For me, such a song
is Mott The Hoople’s ‘All the Young Dudes’.
Even the title only really exists in 1972. Transplant it into the present and it sounds
ridiculous. Every time I hear ‘Dudes’
leaking from the radio, my mind is filled with that period in the early 70s
when the times they were a-changing.
In the late sixties
and early seventies, music was made by earnest, hairy beings who served up the
Blues or Prog or something in between.
The God of Music ruled over The God of Image and the more faded your
jeans and T-shirt were, the more your sounds were accepted. By the mid-seventies, Glam had changed all
that and the God of Image, (and the brighter and gaudier the better), vied for
the attention that was The God of Music’s traditional domain.
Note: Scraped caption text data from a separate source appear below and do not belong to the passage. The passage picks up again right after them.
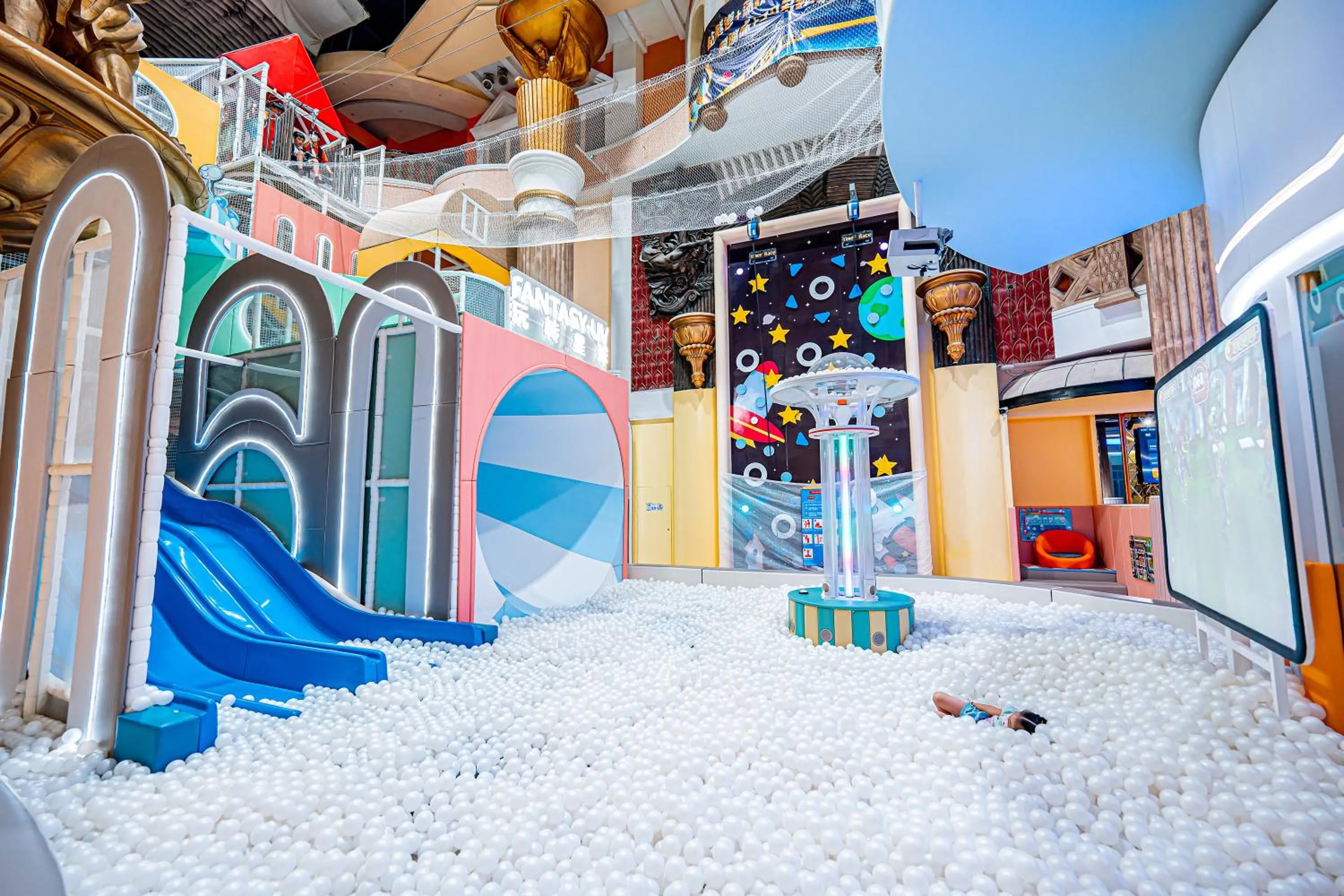 Children play ground in Good View Hotel Tangxia - 15 mins drive from Dongguan South Railway Station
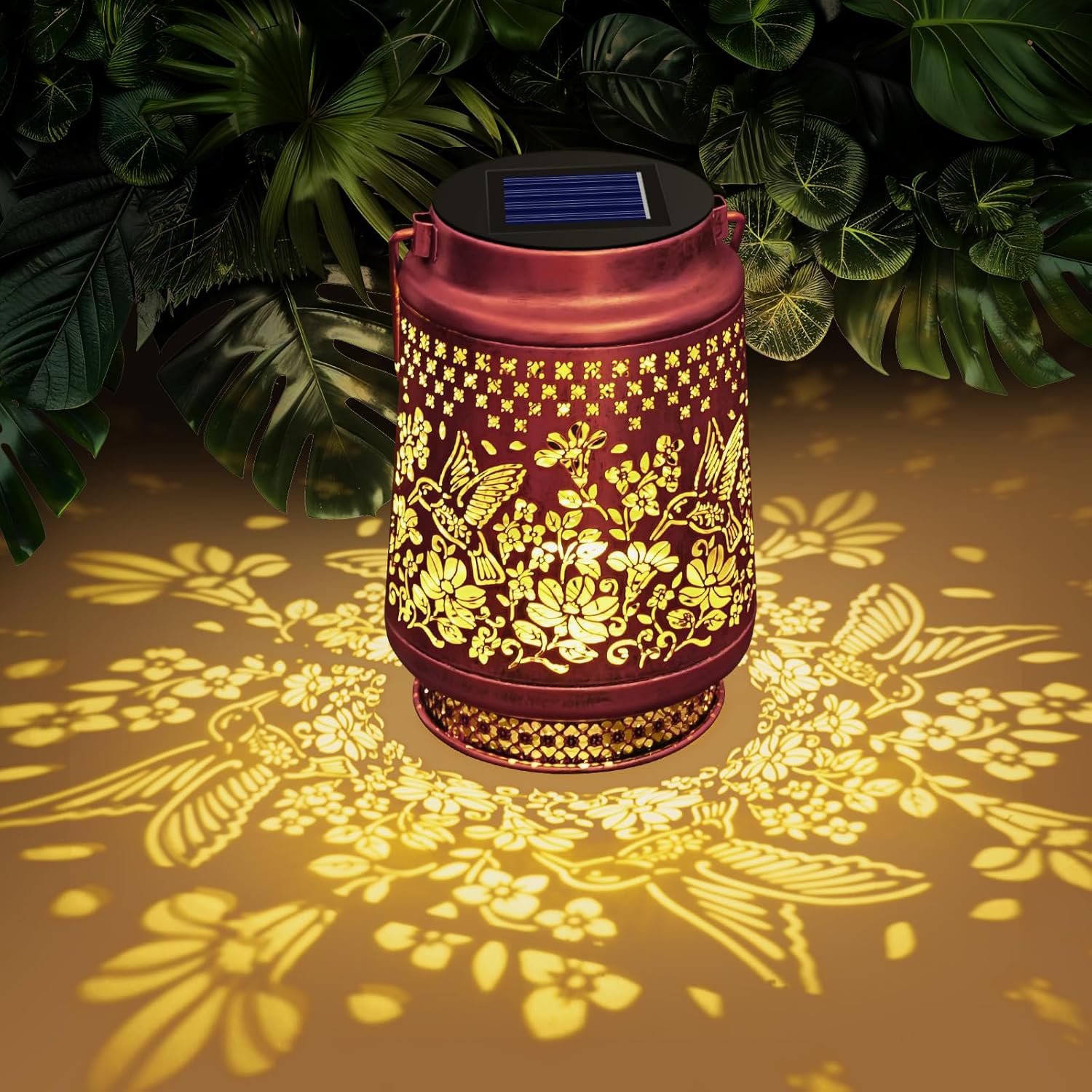 Detalle de HOTUT Hummingbird Solar Lantern: Rustic Metal Garden Light with IP65 Weatherproofing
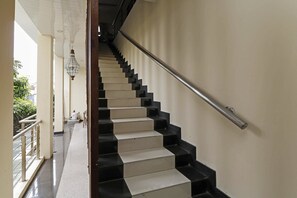 Staircase - RedDoorz Plus near Halim Perdanakusuma 2 (Jakarta)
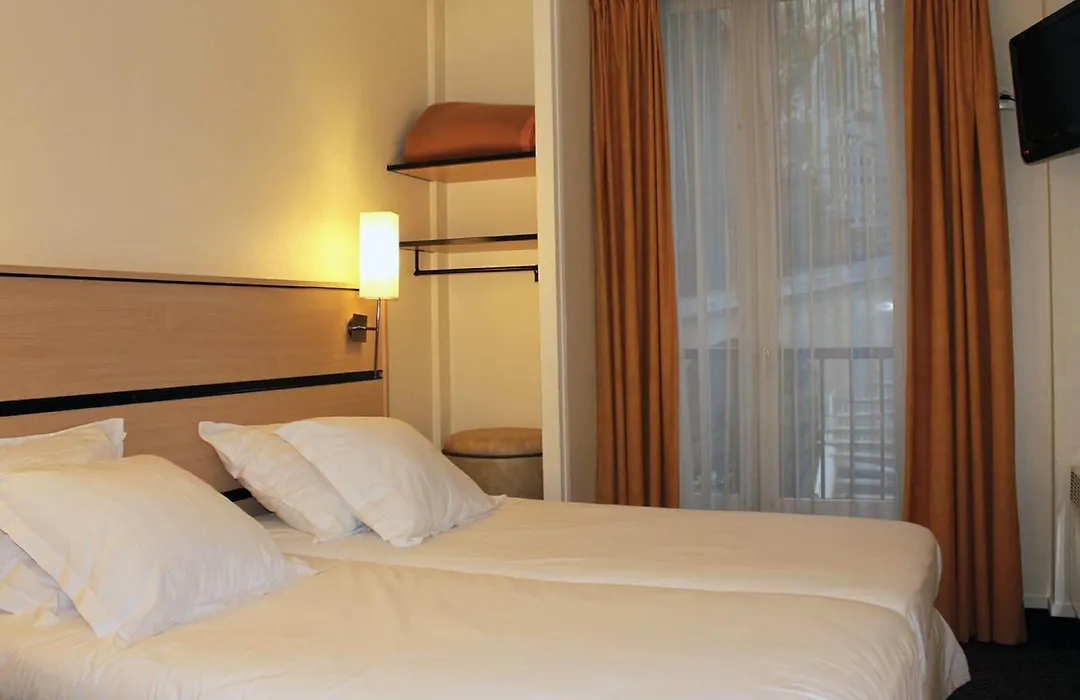 New Hotel Saint Lazare-1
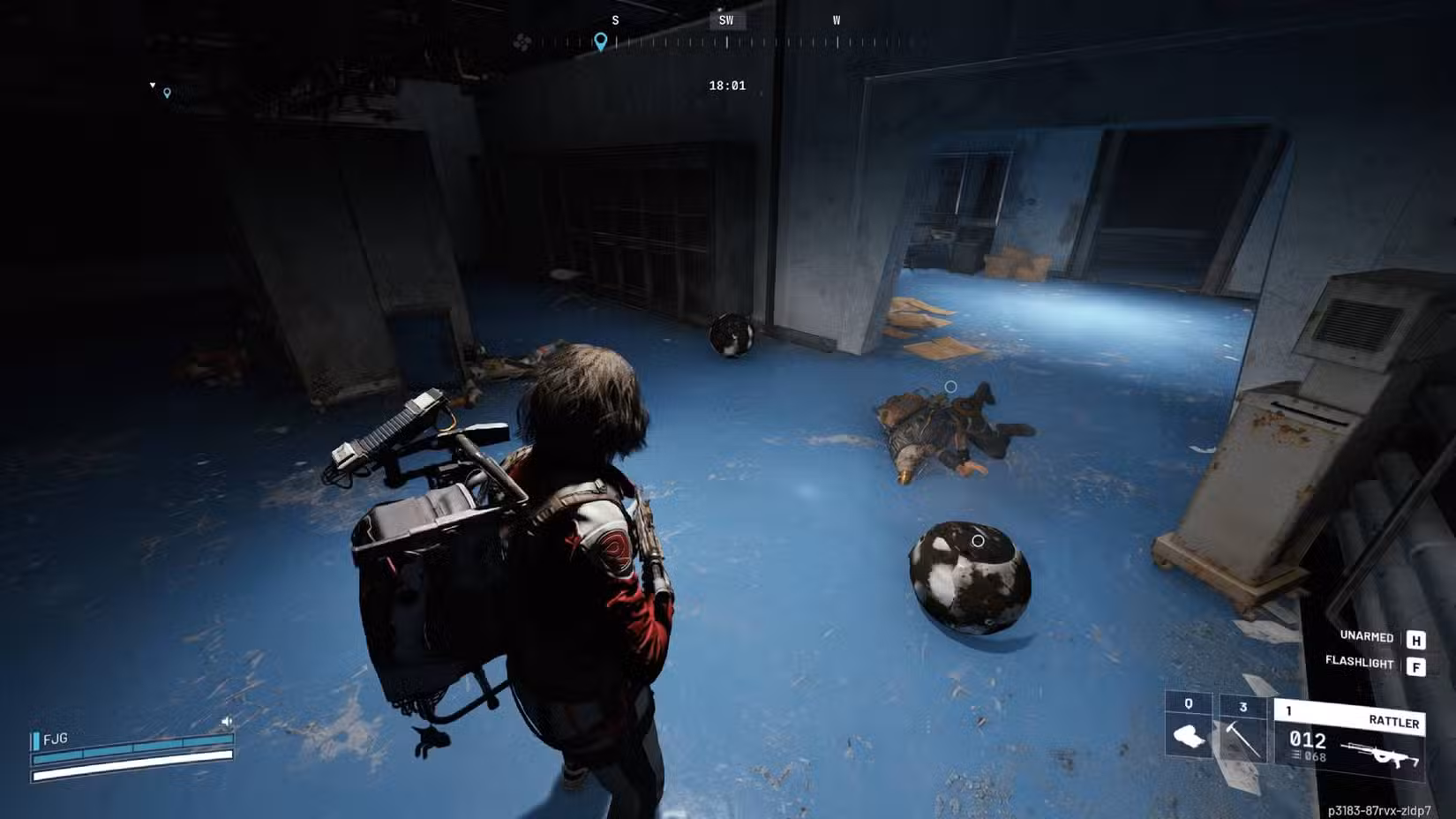 O jogador em Stella Montis em meio a um massacre, com vários cadáveres e bolas de fogo.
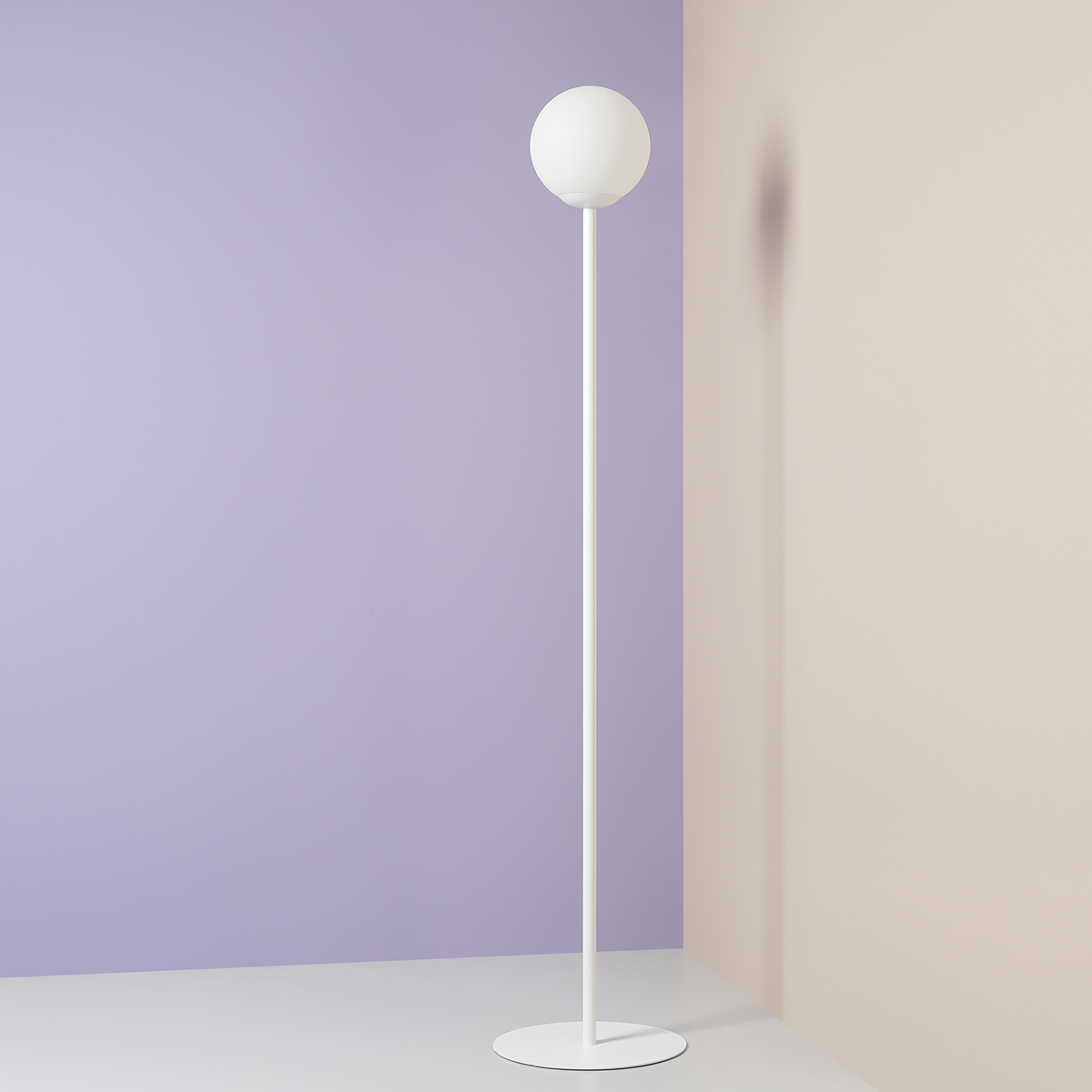 PINNE FLOOR WHITE 1080A Minimalistyczna lampa podłogowa - ALDEX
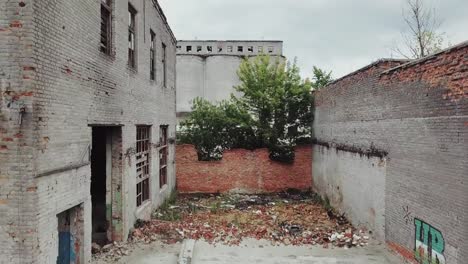 Ruinas-de-una-antigua-fábrica.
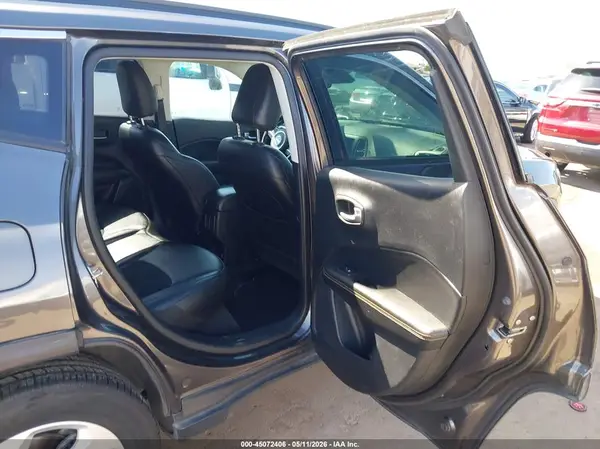 3C4NJDBB8KT689588 2019 JEEP COMPASS - Image 8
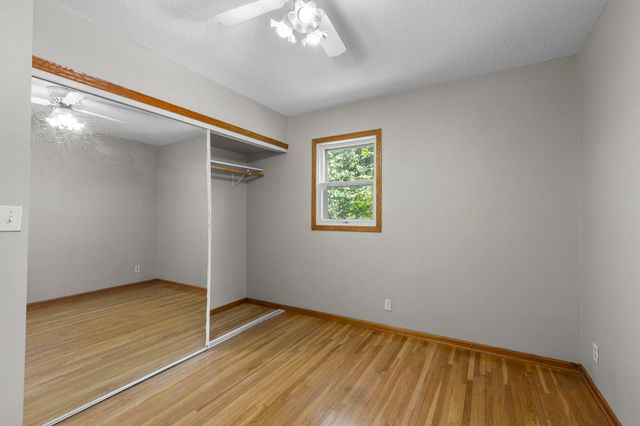 6133 Garbe Avenue, Woodbury, MN 55125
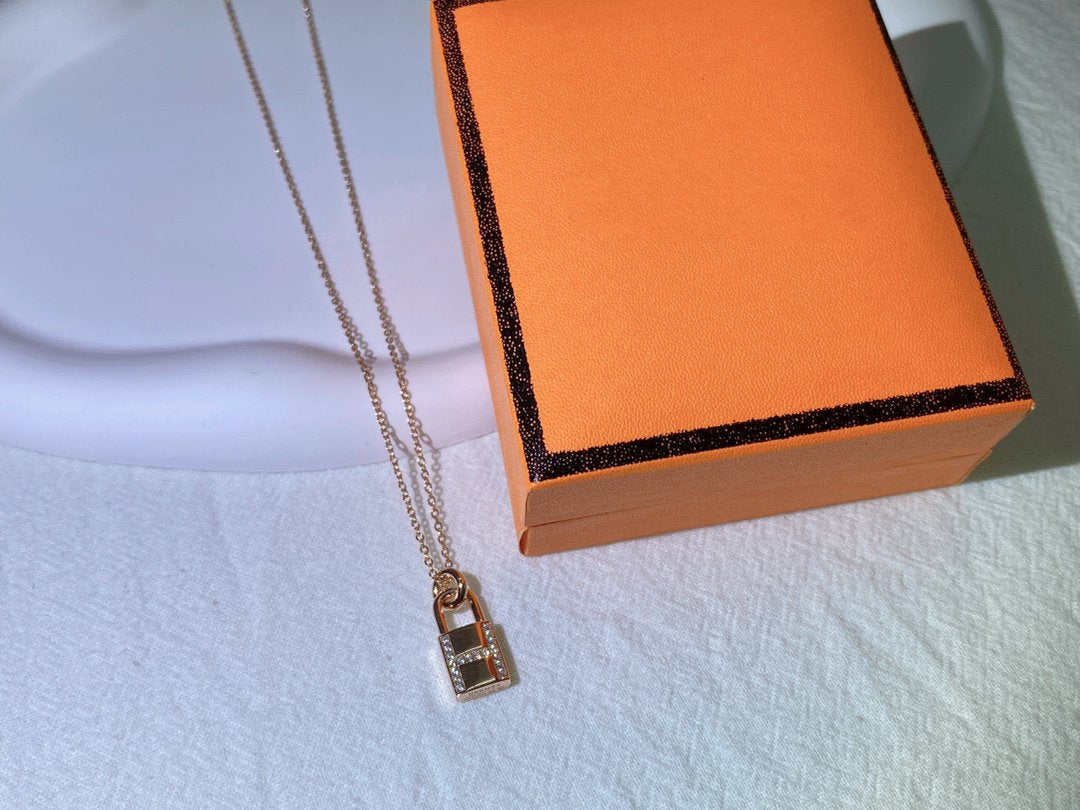 ¡®Imperial¡¯HM ADVANCED NICHE LOCK HEAD NECKLACE DIAMONDS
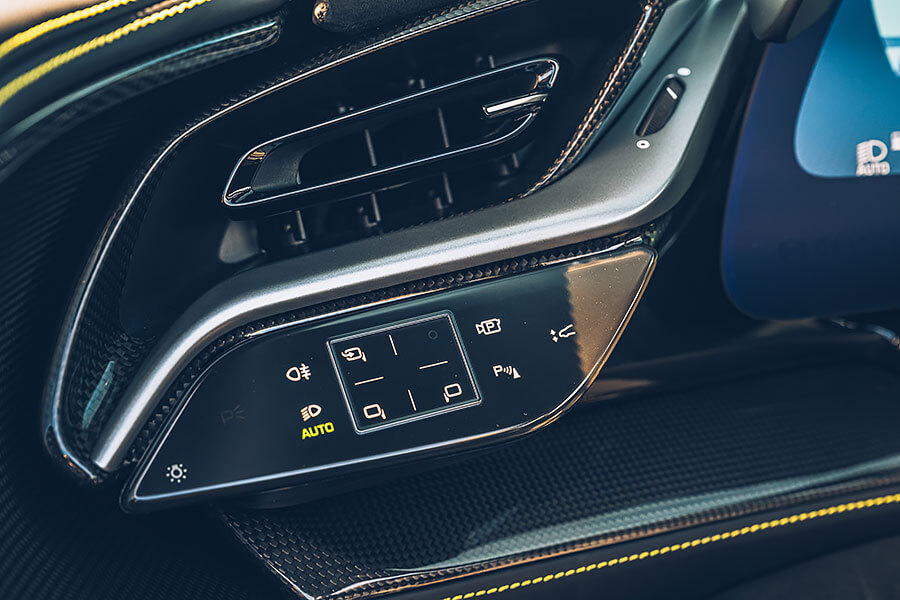 或許這部法拉利讓你覺得很不法拉利,因為摻了電氣,但也因為電,讓我更著迷……。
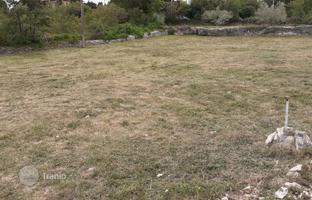 Land plot 1,542 m² in Kavran for 180,000 €
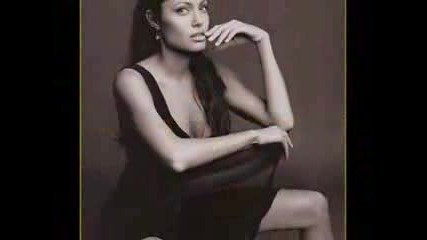 Angelina Jolie - Снимки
Some may say, it was the beginning of the end
but that’s another conversation.
In 1972, the
crossover between the two begun and Mott The Hoople seemed to bestride the
chasm like a colossus, as Shakespeare might have put it if he’d been an NME
hack in those days. To look at, Ian
Hunter was a long haired rocker of the late sixties who should‘ve been grinding
out some worthy blues covers, yet ‘All The Young Dudes’ wasn’t anchored in the
past. In fact, it was very much looking
to the future. Written by David Bowie,
who was essaying the quintessential Glam look himself, it was couched in the
modern vernacular and musically, pushed away as far from the then current trend
as it dared.
With it’s
street-wise half spoken verse and sublime soaring singalong chorus, it was a
pure pop song yet it had the otherworldliness of Bowie’s early work that
separates it both from the prog/blues albums bands and the frothy chart pop of
the time. It was the future of music.
Others in the Glam
vanguard like Bolan and Roxy Music were already paid up members of the new
world whose image betrayed their musical direction but Mott The Hoople were not
like them. Sure, they smartened
themselves up when they saw which way the wind was blowing but they were not
Glam pioneers per se. Hence their
marriage of old style band image and futuristic song had all the makings of a
once in a moment musical touchstone, a real turning point. And you can’t move turning points, they are
by definition rooted to their place in time.